Direct farm programs make up about a quarter of the $500 billion Farm Bill, including those dealing with crop insurance, farm subsidies and conservation.
So long as the Farm Bill remains in political limbo, fears persist over what a failure to renew it might mean, said Terry Holdren, general counsel and chief executive designee of the Kansas Farm Bureau.
“You may recall last winter when the original (Farm Bill) legislation was set to expire, there were rumors and lots of talk about dramatically escalating milk prices and other food price increases because of the expiration of some of the programs in the farm bill,” Holdren said.
“Congress took action at the very last minute and extended the Farm Bill to Sept. 30 (2013),” he added. “Now, that’s the end-of-the-day deadline. If we don’t get it done before then, there’s every likelihood that those same sorts of fears and possible scenarios will play out at the end of September this year.”
Holdren said he was fairly confident that some version of a Farm Bill will be passed before the deadline, but that he was disturbed that the impasse has meanwhile left farmers unable to plan well
“Our farmers and ranchers in Kansas—and across the nation—they are small business owners by and large,” he said. “They need some level of certainty in the policies and rules of the game from government. Folks are leery of expanding their operation or buying new equipment or buying new land when they don’t know what the policy is.
“Businesses aren’t making new investments because they don’t know what the rules are,” he added. “The other thing is: We begin every September or October planting next year’s wheat crop. Not knowing what the rules are related to that crop will impact their ability to make a good decision.”
The KHI News Service is an editorially independent initiative of the Kansas Health Institute and is committed to timely, objective and in-depth coverage of health issues and the policy making environment.
Makeup of SNAP recipients challenges stereotypes
Five years ago, 26.3 million low-income Americans relied on the Supplemental Nutrition Program, or SNAP. Today, enrollment in the food stamp program tops 46.6 million, including about 316,200 Kansans.
In fiscal 2012, the federal government spent more than $450 million in Kansas for the program, more than double the $190 million it spent in fiscal 2007.

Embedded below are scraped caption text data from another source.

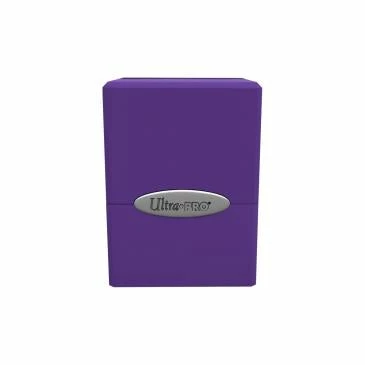 Deck Boxes & Storage Boxes Ultra Pro: Satin Cube - Royal Purple Deck Box 5 Deck Boxes & Storage Boxes Ultra Pro: Satin Cube - Royal Purple Deck Box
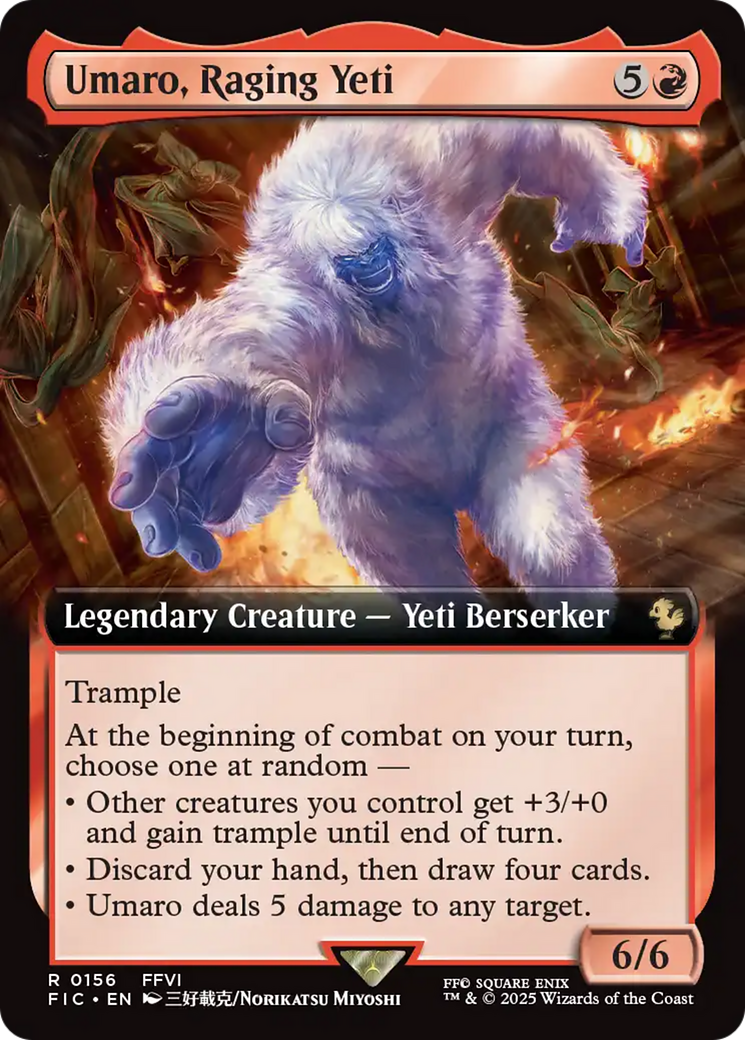 Umaro, Raging Yeti (Extended Art) [FINAL FANTASY Commander] | Black Swamp Games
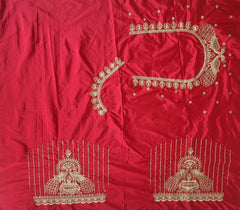 NR395R -Red Colour Computer Work Blouse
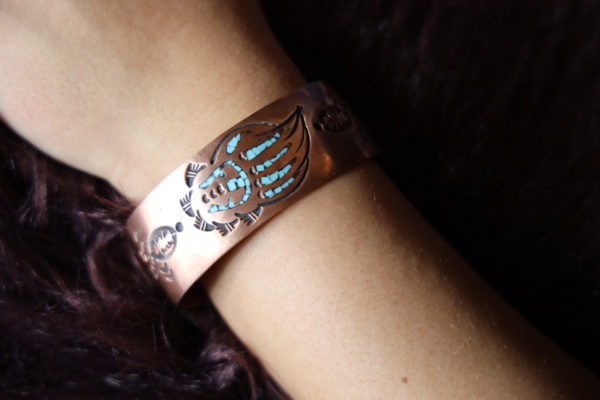 Bracelet exclusif en cuivre, patte d'ours - Image 3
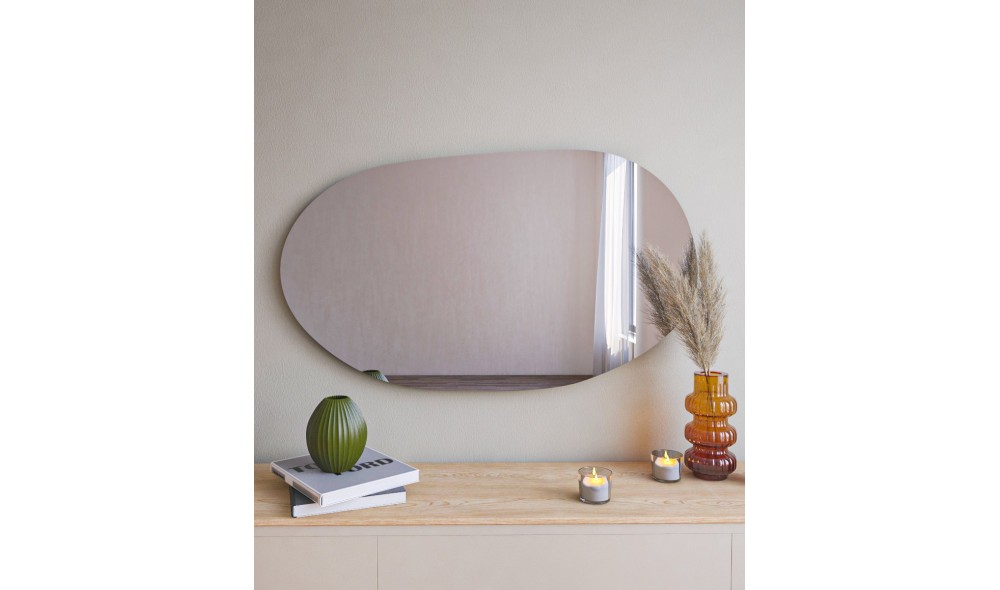 Oglinda, Vanomi, Negru, 52 x 89 x 2 cm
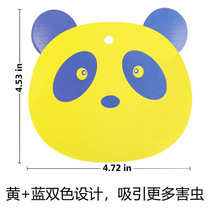 Fruit Fly Tracing Panda Alien Paste Yellow and Blue Two-color Seduced Yellow-plate Fly Trap Insect Trap Sticker
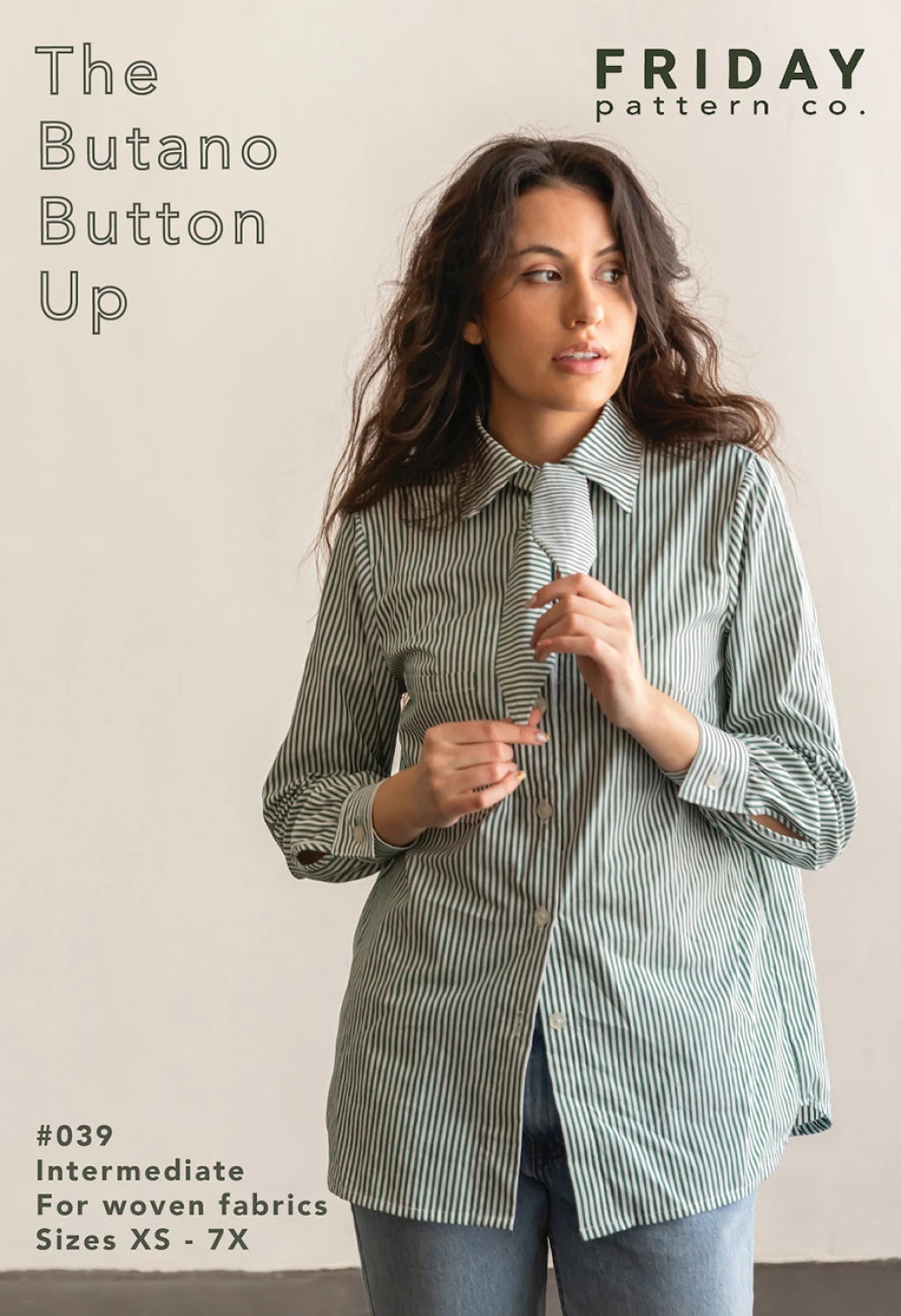 The Butano Button Up Shirt Pattern by Friday Pattern Company - Special Order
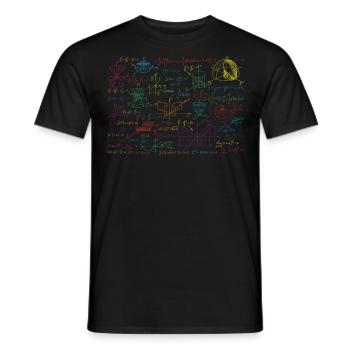 Physik Mathe Formel Nerd Professor Lehrer Tutor - Männer T-Shirt - Schwarz - Vorne - AI Model Male 178 light (178cm)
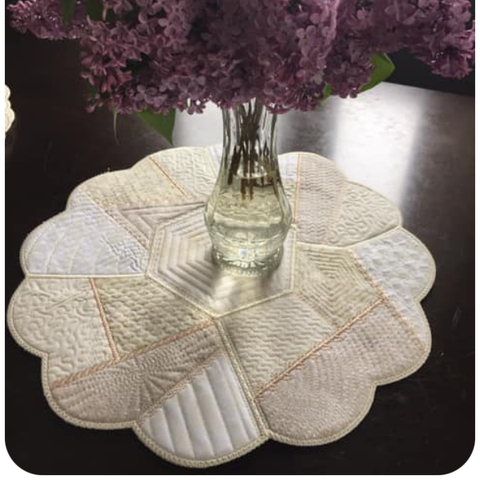Large Applique Crazy Patch Embroidery Designs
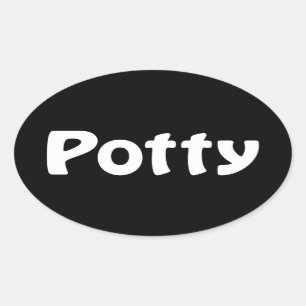 Potty Oval Sticker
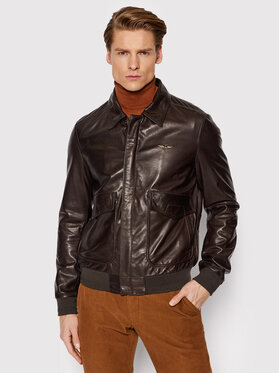 Aeronautica Militare Aeronautica Militare Шкіряна куртка 221PN50181994 Коричневий Regular Fit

Nationally, the cost of the program has more than doubled in five years—from about $33.2 billion in 2007 to more than $78.4 billion in 2012.
The growth is a direct result of the recent recession and therefore the program is doing what it was intended to do: help families in hard times, say those who oppose cuts to SNAP.
Joanna Sebelien of Harvesters Community Food Network, which supplies food banks in 26 Kansas counties, said the recession left about 400,000 Kansans “food insecure.”
“There are stereotypes about who’s getting what and who deserves what,” Sebelien said. “But people can apply for SNAP when they’re out of a job. So in the current economy, when so many people are out of jobs, more and more people became eligible for SNAP.
“We know that 35 percent of the people we serve (at the food banks) are working,” she added. “They are the working poor, and many of them are eligible for SNAP. You are eligible for SNAP if you are at 130 percent of poverty. Many people are at that level and have jobs.”
Of all households receiving SNAP nationally in 2004, 58 percent were working and 82 percent were employed the year before or the year after they received food stamps, according to the Center on Budget and Policy Priorities.
A more recent estimate by SNAP To Health indicates at least 40 percent of current SNAP households have employment income. More than three-quarters of SNAP benefits go to households with children, 16 percent to households with disabled persons and 9 percent to households with senior citizens.